Signs of Safety
Or how good design saves lives
Between 1957 and 1963 Jock Kinneir and Margaret Calvert produced a graphic scheme for Britain’s road signage, their uniform and effective approach replacing a previous jumble of signs commissioned by many different organisations. Rightly, their work has stood the test of time and increased road use. It is now lauded as one of the most effective ever information design schemes.
We know that good graphic design makes life more appealing; a jarring shop frontage or badly put together poster often reminds us of this. At The Yorkshire Wordwright, unsurprisingly, we are great advocates of this importance of good design. A recent visit to the design museum in London and its showcase of Calvert and Kinneir prototype signage reminded us that its importance goes beyond the aesthetic; it can save lives.
Cars, cars and more cars
JB Priestley had written in 1933 of a new ‘England of arterial and by-pass roads, of filling stations and…bungalows with tiny garages.’ There was already an aspiration to enjoy the freedom and status that car ownership brought. By the war, Britons owned more than two million cars. After the hiatus of the war years, more and more families were able to take to the roads. In 1955, the number of miles driven on British roads rose above 50 billion for the first time. Over the next 10 years, this doubled. In 1955 the number of cars on British roads was 3.6 million, rising to nearly 9 million by 1965. Increasingly, too, goods traffic was moving by road. Speeds were also rising. Yet, unlike many other countries, Britain had no motorways and roads were little changed from the days of horse transport.

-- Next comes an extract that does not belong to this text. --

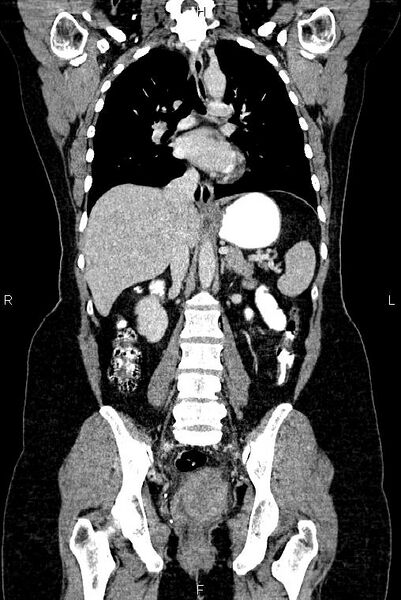File:Carcinoma of uterine cervix (Radiopaedia 85861-101700 C 33).jpg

Slow progress had been made in developing ways of making roads safer. As long ago as 1930, the Highway Code was introduced and local authorities were given rights and responsibilities to order roads and provide traffic signs. But, with increasing speeds and increasing traffic, a new approach was needed. In 1949 an act of parliament allowed for motorways and the new Conservative government made the decision to spend the required money. Already an established graphic designer, with the design of Gatwick Airport signage to has name, Jock Kinneir was given the job of producing a scheme for the motorway signs. An ex-student of his, Margaret Calvert was his assistant.
Replacing a jumble of signs
In 1961, Typographica magazine published a photo essay by Herbert Spencer. It illustrated the wide variety in type and quality of road signs on a journey along the A3 and, by clear implication, the confusion and danger that this caused. The brief that Kinneir and Calvert held was extended to the complete road network. Now commercial partners, the job was also completed as a true partnership.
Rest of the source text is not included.